Sur le papier, vous vous chauffez avec une énergie qui soutient les forêts françaises.
Entre 1985 et 2024, la surface boisée a gagné +23 % et le volume de bois sur pied +61 %. Plus d’arbres, plus de granulés de bois… tout devrait coller.
Sauf que non. Quand on regarde la structure, le paysage a basculé : les résineux (douglas, épicéas) ont progressé 3,4 fois plus vite que les feuillus (+41 % contre +12 %).
Les monocultures gagnent du terrain, les coupes rases se multiplient dans le Morvan, et du bois rond de qualité construction finit parfois… en bois énergie, voire en granulés.
Dans des ventes récentes en forêt de Tronçais, des chênes âgés de plus de 180 ans, parfaitement aptes à la charpente ou au parquet, ont été orientés vers des usages à durée de vie courte, y compris la papeterie-énergie.
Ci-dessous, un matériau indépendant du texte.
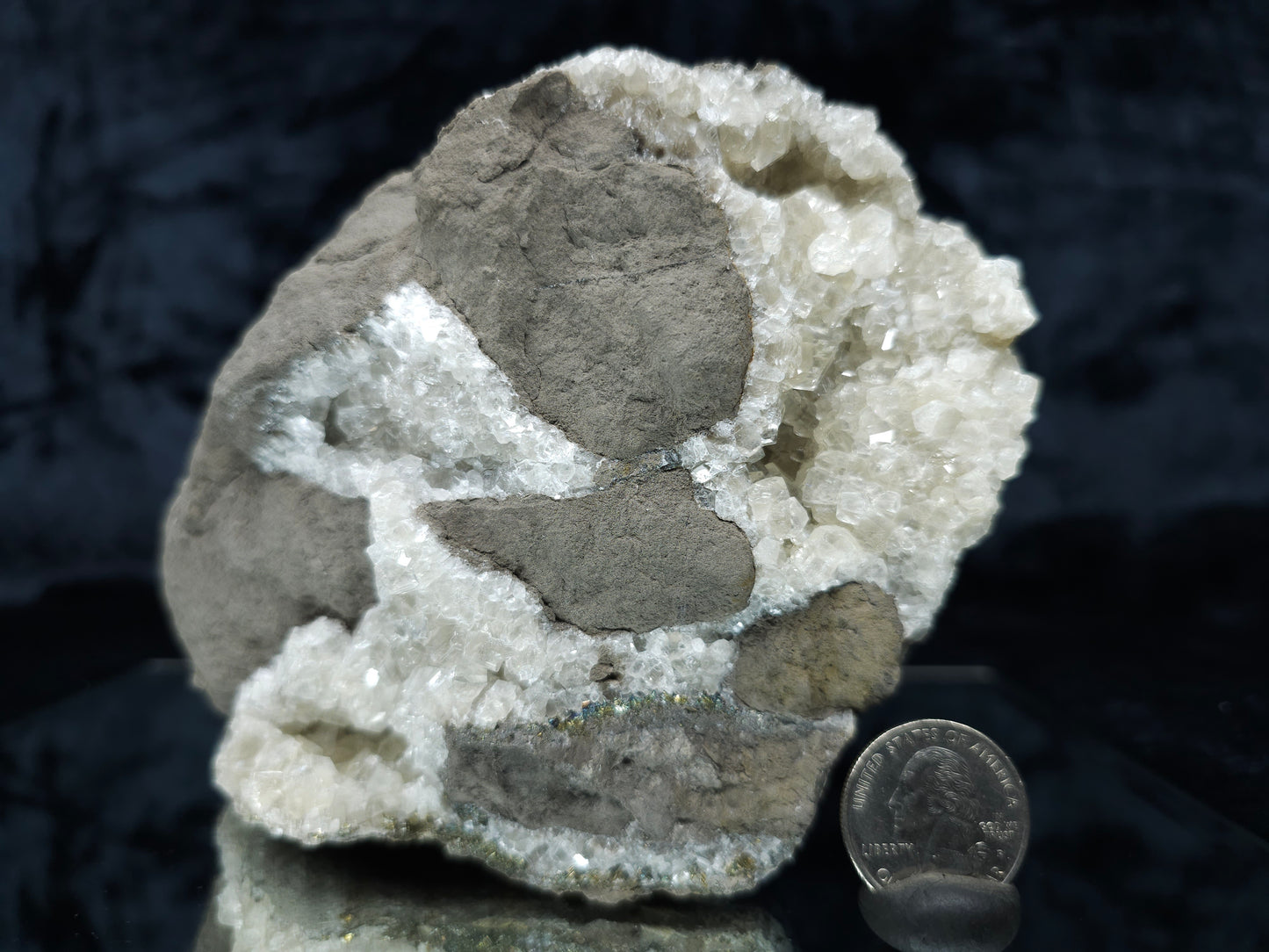 #33207 Super clear Nailhead Spar Calcite geode and Chalcopyrite ore and multiple small fossils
Le dilemme est là : brûler ou construire ?
Pendant six mois, j’ai épluché les inventaires forestiers, confronté les chiffres de l’ONF aux relevés de terrain, et passé plusieurs jours dans le Morvan à documenter ce que les plaquettes commerciales ne montrent jamais.
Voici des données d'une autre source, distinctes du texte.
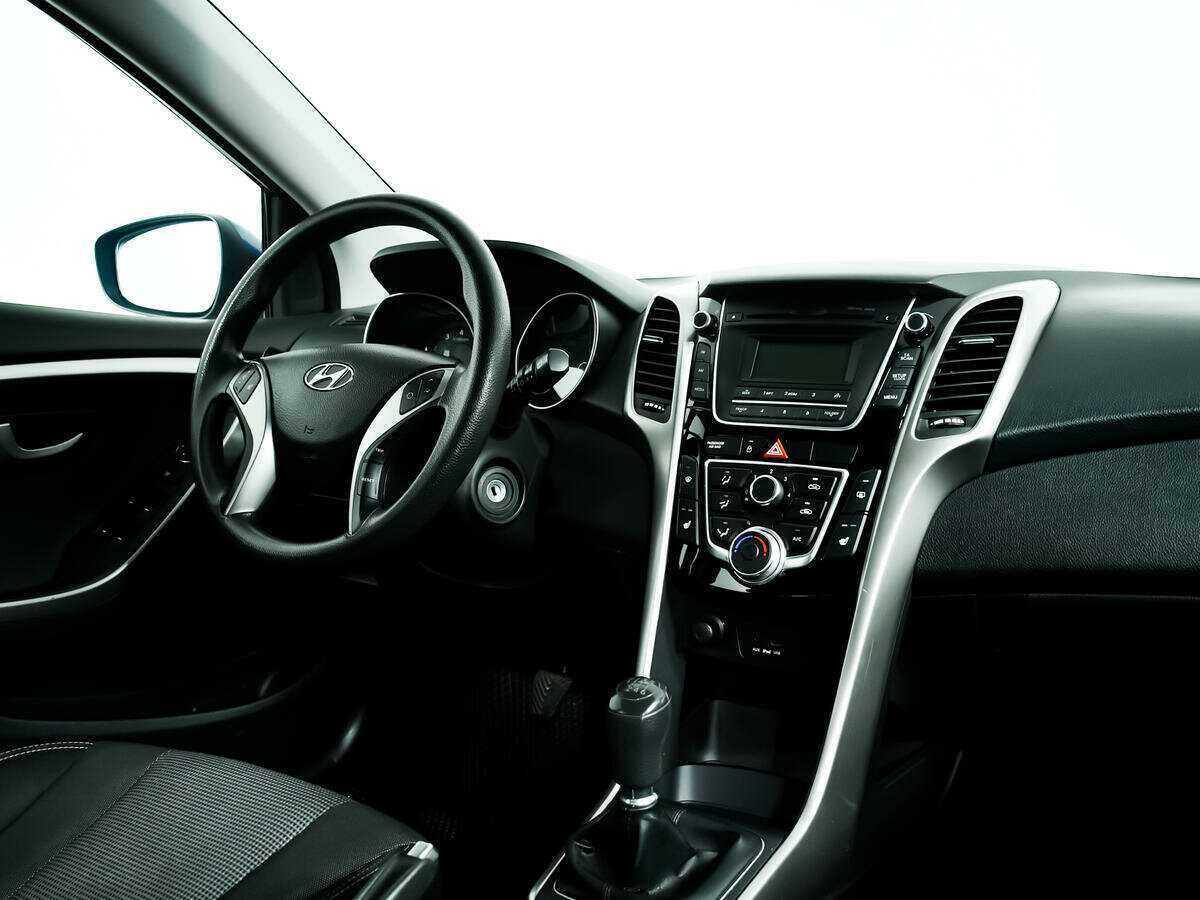 Б/У Хендай ай30 2014 года. Фото: #8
Cette enquête sur le lien granulés bois forêts révèle ce que votre poêle fait vraiment – ou pas – aux forêts françaises, et comment reprendre la main.
À retenir – Granulés de bois et forêts françaises : ce que montre l’enquête
✅ La forêt française progresse… mais change de visage
Depuis 1985, les forêts françaises ont gagné +23 % de surface et +61 % de volume de bois. Mais les résineux (douglas, épicéas) ont progressé 3,4 fois plus vite que les feuillus (+41 % vs +12 %). Résultat : davantage de forêts de production rapides, plus de monocultures, une biodiversité en retrait et des sols plus fragiles.
📈 Coupes rases dans le Morvan : +63 % entre 2015 et 2020
Les coupes rases sont passées d’environ 820 hectares en 2015 à 1 340 hectares en 2020, soit +63 % en 5 ans. Sur le terrain, des forestiers décrivent un basculement d’une sylviculture vers une forme d’agriculture longue rotation pour alimenter scieries, papeteries et bois énergie.
🏛️ Forêts publiques : 1 m³ sur 5 en bois énergie
Dans les forêts gérées par l’ONF, environ 20 % des volumes vendus partent en bois énergie. Une fraction non négligeable alimente directement ou indirectement la filière des granulés de bois. Même en forêt publique, une partie du bois qui pourrait aller en construction finit en combustible.
⚠️ Le paradoxe Tronçais : chênes d’exception, usages courts
En forêt de Tronçais, massif emblématique de chênes de 150–250 ans, plusieurs ventes récentes ont vu des lots aptes à la construction partir vers des usages à durée de vie courte (papeterie, parfois énergie). Brûler un chêne de 200 ans, c’est relâcher en une saison de chauffage un carbone stocké depuis deux siècles, au lieu de le garder encore 80–100 ans dans une charpente ou un parquet.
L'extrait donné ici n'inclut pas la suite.